“There’s a big trend of ‘no makeup’ makeup now. So, that effortless ‘oh you don’t have makeup on’ but your skin looks perfect? That’s makeup. Beauty and wellness are converging, and the idea is, that makeup is a form of self-care. It’s like, take 10 minutes to put on your sunscreen every day or a little makeup. In part, so that looking good on the outside, feeds feeling good on the inside.” Said Alberta Chu, Entrepreneur and Documentary Filmmaker.
Are you ready to reengage with the outside world? In the past three years, most of us were forced to become insular. But calendars are getting full again. And many of us have mixed feelings, between the logistics and social expectations, of meeting in real life. It’s a bit like getting on stage. And whether you’re filled with glee, or remorse, comes down to confidence.
We all need the right conditions and mindset to show up strong. And after being so attentive to others, like our families, it’s hard to return attention to ourselves. But it’s necessary. And there are benefits to reconnecting in person again. So, how can you find the tools to feel good about it?
Get Out from Behind the Screen
Alberta said, “The shutdown during the pandemic really pushed us into our screens more. And for some people, a psychological disorder, Zoom dysmorphia, arose. An anxiety syndrome, where people were so tired of seeing their own faces on Zoom, they started to hate their features. Dr. Shadi Kourosh, a dermatology professor at Harvard who is on our board, coined the phrase and published a paper with her colleagues about it.” You may wonder how a scientist turned filmmaker, and now tech entrepreneur, became an expert on faces. Alberta developed an app, with the original goal to build the largest “taxonomy” of face shapes. Which led her to an in-depth study on facial features.
Rediscover What Makes You Unique
Alberta explained, “A few years ago, my husband and I were giving public talks for a series called Nerd Nite. His was on the idea of genomics and social networking and mine was on the history of art and science. But he also talked about the genetics of faces. We got really interested in this idea. And developed a citizen science project for people to make 3D maps of their faces. And that went on for several years. We’re not sure how the word got out but people all over the world were finding it.”
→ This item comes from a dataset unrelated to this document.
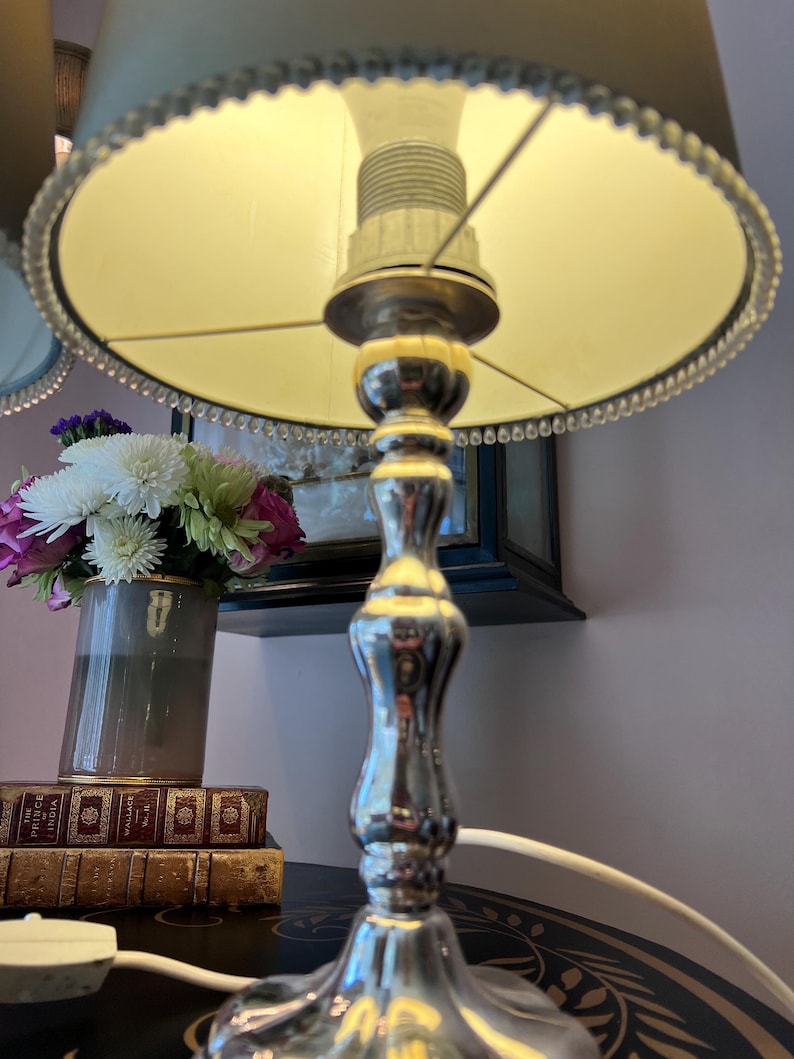 K&ouml;nnte beinhalten: Eine silberne Tischlampe mit beigem Lampenschirm und Perlenbesatz. Die Lampe steht auf einem Tisch mit einer Blumenvase und einem Stapel B&uuml;cher. Die Lampe ist eingeschaltet und wirft ein warmes Licht.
She described the project to other entrepreneurs, including some in the beauty industry, during the pandemic. And was inspired to pivot use of the technology. She said, “They were like, ‘well you have a 3D face mapping app, why don’t you get into beauty?’ And so, I partnered with some makeup artists, and now it’s a beauty app. It shows professional makeup application techniques. And 3D augmented reality makeup maps, based on your face shape.”
And Love How You Show Up
The Zoom dysmorphia discovery came from higher numbers of people requesting plastic surgery during the pandemic. But long before Zoom, many had a love/hate relationship with their looks. Because we’re often judged on what feel like impossible standards. And the premium our culture places on youth, tends to disproportionately affect women.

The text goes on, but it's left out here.